Nos termos do disposto nos preceitos em causa improcede a questão suscitada pela reclamante uma vez que a notificação omitida respeitou à resposta da recorrente apresentada ao requerimento da reclamante para que se declarasse a extinção da instância, ou seja, foi respeitado o princípio do contraditório sendo que a omissão ocorrida -omissão de notificação da resposta- não é susceptível de influir no exame ou decisão da causa. Igualmente não assistia à reclamante o direito de responder à resposta apresentada pela AT, nem estava a secretaria obrigada à notificação oficiosa de tal resposta.
Improcede, assim, a nulidade que vinha invocada.

Quanto à segunda e terceira questões.
A reclamante insurge-se porque no despacho reclamado se entendeu que a decisão que conheceu da incompetência em razão da hierarquia transitou em julgado no segmento em que se ordena a remessa do processo ao TCA Sul e ainda porque deveria ter-se corrigido a decisão sumária em tal segmento.
Na verdade, e como já foi dito no despacho reclamado e como bem se depreende dos argumentos e contra-argumentos esgrimidos a este propósito a questão da remessa dos autos ao tribunal hierarquicamente competente não se assume como um mero lapso material ou erro lógico que possa ser corrigido oficiosamente pelo juiz, incumbindo às partes contra ela reagir, o que não aconteceu.
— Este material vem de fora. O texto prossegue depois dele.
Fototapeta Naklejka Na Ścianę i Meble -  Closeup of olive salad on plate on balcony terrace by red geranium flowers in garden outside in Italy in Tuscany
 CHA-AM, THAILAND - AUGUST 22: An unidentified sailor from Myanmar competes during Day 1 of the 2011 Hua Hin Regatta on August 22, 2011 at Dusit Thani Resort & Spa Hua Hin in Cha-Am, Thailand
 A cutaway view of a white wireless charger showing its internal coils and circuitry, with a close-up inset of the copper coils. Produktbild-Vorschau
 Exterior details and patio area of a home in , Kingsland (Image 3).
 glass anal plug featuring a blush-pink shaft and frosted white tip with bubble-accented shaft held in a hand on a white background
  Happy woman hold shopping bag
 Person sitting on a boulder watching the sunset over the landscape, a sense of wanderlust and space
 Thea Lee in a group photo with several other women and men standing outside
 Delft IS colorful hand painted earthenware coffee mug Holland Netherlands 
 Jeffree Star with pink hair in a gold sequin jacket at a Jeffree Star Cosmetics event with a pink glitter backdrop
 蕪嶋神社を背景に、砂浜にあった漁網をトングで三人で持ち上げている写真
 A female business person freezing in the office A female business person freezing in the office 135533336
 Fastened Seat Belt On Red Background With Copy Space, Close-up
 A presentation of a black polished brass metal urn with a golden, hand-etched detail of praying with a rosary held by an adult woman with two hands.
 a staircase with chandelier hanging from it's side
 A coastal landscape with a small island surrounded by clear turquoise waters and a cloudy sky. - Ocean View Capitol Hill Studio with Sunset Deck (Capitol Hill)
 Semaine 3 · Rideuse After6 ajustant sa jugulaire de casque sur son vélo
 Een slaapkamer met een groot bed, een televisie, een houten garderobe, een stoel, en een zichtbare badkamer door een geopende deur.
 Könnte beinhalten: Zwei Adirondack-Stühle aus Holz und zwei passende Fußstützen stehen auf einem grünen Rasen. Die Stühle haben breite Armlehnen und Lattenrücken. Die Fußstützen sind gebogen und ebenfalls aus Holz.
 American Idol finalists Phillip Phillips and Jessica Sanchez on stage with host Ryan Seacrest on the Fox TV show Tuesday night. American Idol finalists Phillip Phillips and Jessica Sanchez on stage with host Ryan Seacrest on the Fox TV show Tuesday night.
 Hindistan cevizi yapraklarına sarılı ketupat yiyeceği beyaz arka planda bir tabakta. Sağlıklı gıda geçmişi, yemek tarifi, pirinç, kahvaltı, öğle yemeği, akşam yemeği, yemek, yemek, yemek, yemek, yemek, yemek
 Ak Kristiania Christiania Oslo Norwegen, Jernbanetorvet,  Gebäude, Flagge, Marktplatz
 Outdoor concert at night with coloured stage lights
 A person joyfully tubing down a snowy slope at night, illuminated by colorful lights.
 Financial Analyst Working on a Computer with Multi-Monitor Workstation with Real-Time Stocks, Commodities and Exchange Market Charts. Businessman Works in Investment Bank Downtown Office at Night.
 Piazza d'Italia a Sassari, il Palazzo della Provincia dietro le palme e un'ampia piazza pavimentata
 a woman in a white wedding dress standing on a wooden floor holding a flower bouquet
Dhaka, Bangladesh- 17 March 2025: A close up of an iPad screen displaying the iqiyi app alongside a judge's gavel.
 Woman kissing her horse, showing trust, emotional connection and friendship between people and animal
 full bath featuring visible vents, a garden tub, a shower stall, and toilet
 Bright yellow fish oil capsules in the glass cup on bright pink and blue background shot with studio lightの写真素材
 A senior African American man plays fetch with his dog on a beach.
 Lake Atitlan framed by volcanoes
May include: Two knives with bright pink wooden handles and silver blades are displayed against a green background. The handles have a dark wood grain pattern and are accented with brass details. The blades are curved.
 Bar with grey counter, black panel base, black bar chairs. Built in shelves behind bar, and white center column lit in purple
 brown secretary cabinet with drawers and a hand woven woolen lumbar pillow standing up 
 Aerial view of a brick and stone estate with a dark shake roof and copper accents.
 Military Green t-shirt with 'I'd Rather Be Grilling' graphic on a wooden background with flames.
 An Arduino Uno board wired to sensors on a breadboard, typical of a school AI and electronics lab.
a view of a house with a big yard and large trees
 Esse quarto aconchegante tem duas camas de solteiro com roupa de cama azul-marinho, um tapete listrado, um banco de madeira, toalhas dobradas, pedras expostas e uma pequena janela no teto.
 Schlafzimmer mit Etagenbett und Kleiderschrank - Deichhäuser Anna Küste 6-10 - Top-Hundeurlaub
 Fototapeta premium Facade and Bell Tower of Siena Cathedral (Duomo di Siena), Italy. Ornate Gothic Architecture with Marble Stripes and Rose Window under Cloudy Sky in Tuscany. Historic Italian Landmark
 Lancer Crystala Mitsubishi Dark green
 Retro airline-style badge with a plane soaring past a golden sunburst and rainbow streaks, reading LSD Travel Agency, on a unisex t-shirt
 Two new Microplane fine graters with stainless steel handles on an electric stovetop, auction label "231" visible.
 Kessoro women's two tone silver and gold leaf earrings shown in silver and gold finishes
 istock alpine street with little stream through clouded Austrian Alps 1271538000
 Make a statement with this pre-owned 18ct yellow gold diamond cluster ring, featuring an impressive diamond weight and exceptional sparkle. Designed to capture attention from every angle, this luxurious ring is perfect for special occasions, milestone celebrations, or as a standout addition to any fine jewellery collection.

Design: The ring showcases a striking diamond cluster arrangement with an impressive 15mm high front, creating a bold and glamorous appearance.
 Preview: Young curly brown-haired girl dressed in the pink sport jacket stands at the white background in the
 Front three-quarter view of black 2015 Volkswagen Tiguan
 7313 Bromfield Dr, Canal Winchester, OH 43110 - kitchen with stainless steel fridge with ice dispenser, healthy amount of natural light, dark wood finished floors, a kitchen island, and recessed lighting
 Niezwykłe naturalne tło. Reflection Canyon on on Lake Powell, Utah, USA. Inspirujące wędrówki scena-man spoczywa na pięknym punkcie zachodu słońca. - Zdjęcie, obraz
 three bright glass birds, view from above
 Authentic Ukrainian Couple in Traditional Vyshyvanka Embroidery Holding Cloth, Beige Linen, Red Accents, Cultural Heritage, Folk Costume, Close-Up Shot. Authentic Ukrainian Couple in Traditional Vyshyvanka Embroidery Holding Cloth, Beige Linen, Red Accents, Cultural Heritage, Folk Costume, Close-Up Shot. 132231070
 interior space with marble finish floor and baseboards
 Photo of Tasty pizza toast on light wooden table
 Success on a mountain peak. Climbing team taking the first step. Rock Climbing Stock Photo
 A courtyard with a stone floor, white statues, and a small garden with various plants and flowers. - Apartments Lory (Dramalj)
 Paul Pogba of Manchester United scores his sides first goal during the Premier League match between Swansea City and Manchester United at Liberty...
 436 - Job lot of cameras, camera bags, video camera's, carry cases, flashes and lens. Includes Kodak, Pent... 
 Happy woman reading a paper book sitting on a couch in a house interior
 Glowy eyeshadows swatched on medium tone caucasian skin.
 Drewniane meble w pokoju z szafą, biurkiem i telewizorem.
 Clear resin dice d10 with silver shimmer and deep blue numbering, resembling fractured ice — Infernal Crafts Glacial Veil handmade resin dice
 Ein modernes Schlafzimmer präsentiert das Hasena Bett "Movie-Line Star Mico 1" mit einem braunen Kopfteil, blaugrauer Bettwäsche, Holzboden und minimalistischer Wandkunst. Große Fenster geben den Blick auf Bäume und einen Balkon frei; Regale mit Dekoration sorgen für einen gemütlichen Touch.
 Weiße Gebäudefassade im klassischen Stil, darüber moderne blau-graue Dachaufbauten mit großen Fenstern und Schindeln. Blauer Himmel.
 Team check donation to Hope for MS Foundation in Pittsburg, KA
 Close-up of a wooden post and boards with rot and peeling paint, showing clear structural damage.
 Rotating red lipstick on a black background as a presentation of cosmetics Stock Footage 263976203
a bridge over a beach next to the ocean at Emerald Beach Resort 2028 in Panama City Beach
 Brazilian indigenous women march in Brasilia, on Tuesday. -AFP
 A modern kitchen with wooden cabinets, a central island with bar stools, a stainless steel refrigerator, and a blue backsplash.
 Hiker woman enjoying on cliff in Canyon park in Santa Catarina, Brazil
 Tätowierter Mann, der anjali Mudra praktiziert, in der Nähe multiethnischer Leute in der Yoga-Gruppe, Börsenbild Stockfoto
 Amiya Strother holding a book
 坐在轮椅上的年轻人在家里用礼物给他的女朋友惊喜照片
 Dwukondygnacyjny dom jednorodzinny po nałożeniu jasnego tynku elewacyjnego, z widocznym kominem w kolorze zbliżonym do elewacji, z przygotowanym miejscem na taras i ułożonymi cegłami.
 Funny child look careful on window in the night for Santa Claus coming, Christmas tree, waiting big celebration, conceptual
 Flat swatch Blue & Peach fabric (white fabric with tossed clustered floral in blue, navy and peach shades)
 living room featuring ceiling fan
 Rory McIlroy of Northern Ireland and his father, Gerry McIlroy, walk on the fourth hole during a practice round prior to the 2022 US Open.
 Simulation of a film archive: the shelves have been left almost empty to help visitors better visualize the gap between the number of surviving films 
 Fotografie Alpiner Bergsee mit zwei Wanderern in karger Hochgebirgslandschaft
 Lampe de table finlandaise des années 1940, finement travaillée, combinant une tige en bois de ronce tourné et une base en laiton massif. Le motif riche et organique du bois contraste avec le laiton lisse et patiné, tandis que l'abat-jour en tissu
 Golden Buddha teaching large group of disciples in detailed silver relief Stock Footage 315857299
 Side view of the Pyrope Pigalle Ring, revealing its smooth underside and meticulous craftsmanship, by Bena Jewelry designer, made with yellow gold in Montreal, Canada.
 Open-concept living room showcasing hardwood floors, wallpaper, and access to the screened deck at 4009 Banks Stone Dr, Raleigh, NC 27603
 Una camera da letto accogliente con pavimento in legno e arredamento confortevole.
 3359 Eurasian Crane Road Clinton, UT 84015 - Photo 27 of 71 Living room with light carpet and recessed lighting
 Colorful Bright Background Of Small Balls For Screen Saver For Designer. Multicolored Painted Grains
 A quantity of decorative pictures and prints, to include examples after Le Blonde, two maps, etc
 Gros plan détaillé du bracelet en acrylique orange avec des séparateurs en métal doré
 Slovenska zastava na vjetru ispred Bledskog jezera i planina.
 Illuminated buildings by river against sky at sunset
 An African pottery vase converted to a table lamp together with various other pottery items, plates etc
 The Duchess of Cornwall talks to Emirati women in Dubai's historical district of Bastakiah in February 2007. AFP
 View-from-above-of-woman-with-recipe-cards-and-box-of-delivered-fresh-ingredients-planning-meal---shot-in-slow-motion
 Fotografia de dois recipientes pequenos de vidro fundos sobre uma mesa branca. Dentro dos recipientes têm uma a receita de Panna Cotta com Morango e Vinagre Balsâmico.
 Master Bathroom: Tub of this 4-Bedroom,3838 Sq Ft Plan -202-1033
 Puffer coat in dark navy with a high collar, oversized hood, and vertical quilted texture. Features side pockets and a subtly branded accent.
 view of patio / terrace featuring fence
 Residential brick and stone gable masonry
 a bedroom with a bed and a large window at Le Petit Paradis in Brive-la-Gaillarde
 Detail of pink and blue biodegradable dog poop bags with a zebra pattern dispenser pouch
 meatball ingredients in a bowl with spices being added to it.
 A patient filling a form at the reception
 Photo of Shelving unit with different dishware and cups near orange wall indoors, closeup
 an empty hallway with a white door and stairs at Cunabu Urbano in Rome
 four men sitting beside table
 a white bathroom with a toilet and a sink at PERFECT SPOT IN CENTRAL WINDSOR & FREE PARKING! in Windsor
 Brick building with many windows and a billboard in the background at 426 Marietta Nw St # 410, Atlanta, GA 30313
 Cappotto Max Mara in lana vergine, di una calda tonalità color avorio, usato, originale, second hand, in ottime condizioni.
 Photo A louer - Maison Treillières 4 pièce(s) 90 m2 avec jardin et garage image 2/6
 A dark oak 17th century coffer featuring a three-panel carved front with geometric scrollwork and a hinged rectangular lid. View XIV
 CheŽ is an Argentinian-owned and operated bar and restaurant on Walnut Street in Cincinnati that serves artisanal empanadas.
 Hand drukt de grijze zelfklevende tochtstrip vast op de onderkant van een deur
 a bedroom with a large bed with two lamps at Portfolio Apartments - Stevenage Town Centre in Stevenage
De facto, trata-se de questão que contende directamente com os direitos processuais (ou a perda deles) das partes e, nessa medida, trata-se de uma questão que contende de forma flagrante com o núcleo essencial de um direito pelo que o que se decida quanto à mesma não pode assumir a natureza de um lapso material ou de escrita.
Por outro lado, tendo-se consignado no despacho que verificou a incompetência hierárquica que os autos seriam remetidos ao TCA logo que transitada a decisão, tal determinação era suficiente para criar a convicção nas partes de que nada mais teriam que requerer no tocante à remessa dos autos ao TCA competente, e efectivamente nada mais requereram e os autos foram remetidos ao TCA.
Ou seja, o modo pelo qual se consignou tal determinação na decisão que julgou a questão da incompetência hierárquica não é compatível com o efeito cominatório extintivo implícito resultante do disposto no artigo 18º, n.º 2 do CPPT, pelo que, não é possível agora julgar extinta a instância do recurso face ao silêncio da recorrente.
Assim, improcede a reclamação que nos vinha dirigida.

Pelo exposto, acordam os juízes que compõem a secção do contencioso tributário deste Supremo Tribunal em indeferir a reclamação apresentada.
Custas pela reclamante, fixando a t.j. em 3 Ucs
D.n.
Lisboa, 6 de Fevereiro de 2019. – Aragão Seia (relator) – Ascensão Lopes – Ana Paula Lobo.